Example: at R2 resistor in RC tree, the downstream capacitors are, 2, 1, 1, 3, 1

# Calculating Elmore Delay: Example

- Set  $\tau = 0$ . Walk down path of resistors from **Root** to **Leaf** where you want to calculate delay.
- At each resistor, let  $\tau = \tau + R \cdot \Sigma$  (all capacitors downstream)



$$\tau = 0$$

$$+ 5 \times (1 + 2 + 1 + 3 + 1 + 1)$$

$$+ 2 \times (2 + 1 + 3 + 1 + 1)$$

$$+ 4 \times (1 + 3)$$

$$+ 1 \times 3$$

$$= 45 + 16 + 16 + 3$$

$$= 80$$

# Insight: Stream Analogy

- Think of RC tree like branching stream, current like water.
  - Goal: You are downstream, trying to fill your bucket.
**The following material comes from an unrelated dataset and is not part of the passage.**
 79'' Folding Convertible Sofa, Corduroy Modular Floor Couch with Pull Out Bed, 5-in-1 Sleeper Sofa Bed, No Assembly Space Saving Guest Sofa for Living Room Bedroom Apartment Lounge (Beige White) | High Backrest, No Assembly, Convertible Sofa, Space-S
How **fast** can you fill it?
  - However, at **every** branch point, somebody else has a **bucket**.
  - The **farther** you are downstream, the **less** water you get from upstream.
- What matters here?



#### From Stream to Circuit



## Circuit Aside: What Is Elmore Delay?

- If you want to model the path from input to an output as a simplified circuit with **exactly one** R and **one** C, the **best approximation** you have will have its R•C = Elmore delay.
  - Note: for a circuit with one R and one C, R•C is the **time** constant  $\tau$ .
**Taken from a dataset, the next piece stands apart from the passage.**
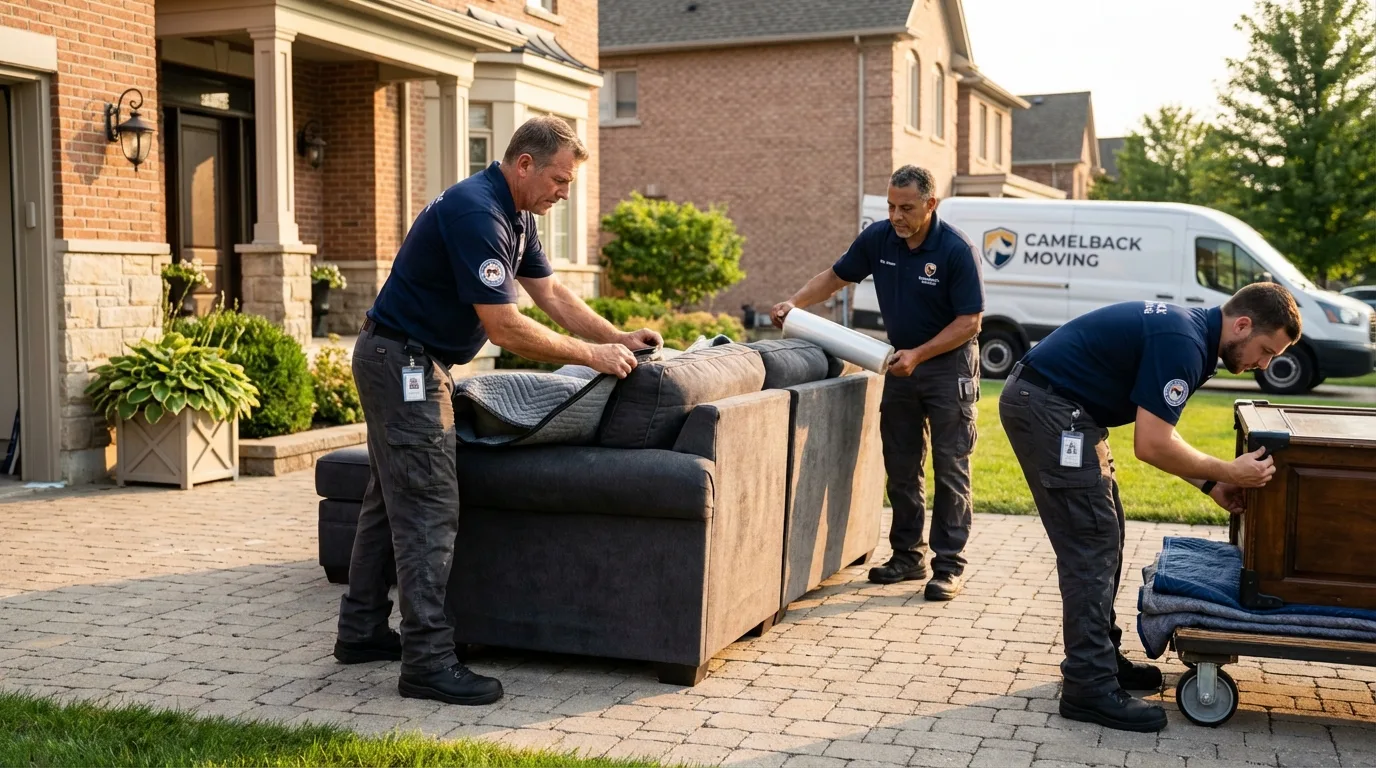 Large estate moving crew wrapping furniture in Guntersville, AL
Elmore delay is the time constant of the best approximating circuit with one R and one C



- Simple tree with 4 leaf nodes
  - For each segment, total R=rL/W, C=cWL.
  - Electrical parameters: r=1, c=2.



- RCTree for the interconnect alone
  - Remember to add up C's hanging off each internal node of tree



• Add driver and driven gates



- Now we can compute delay to each leaf.
  - Since symmetric, only need to compute 1 path.



#### Remember the recipe:

- 1. Set  $\tau$ = 0, walk from root to leaf
- 2. At each R,

$$\tau += R \cdot \Sigma$$
 (all C's downstream)

$$\tau = 0$$
+20×(20+30+2×9+4×3)
+20×(30+2×9+4×3)
+5×(9+2×3)
+2×3
= 2881

## Elmore Delay Applications

- Timing verification
  - Can use this to give realistic post-layout wire delays for final STA.



## Elmore Delay Applications

- During placement
  - Estimate wire shape (e.g., a simple Steiner tree), then you can get very quick delay estimate.
  - Analytical placers use to adjust **weights** on wires, force critical wires to be **short**.

## Summary

- Interconnect has a **huge** impact on chip speed.
  - Cannot ignore delays caused by the electrical properties of real wires
- Individual wires are today modeled as complex circuits.
  - RC tree is the most useful model; Elmore delay is easiest to compute
  - Can use for both verification, and for layout optimizations
  - Accurate enough that they beat simple length-based schemes.
  - Unfortunately, not so accurate that you can avoid later verification with "higher order" models that incorporate more than one time constant.
  - There are sophisticated estimators beyond Elmore, but they takes more time.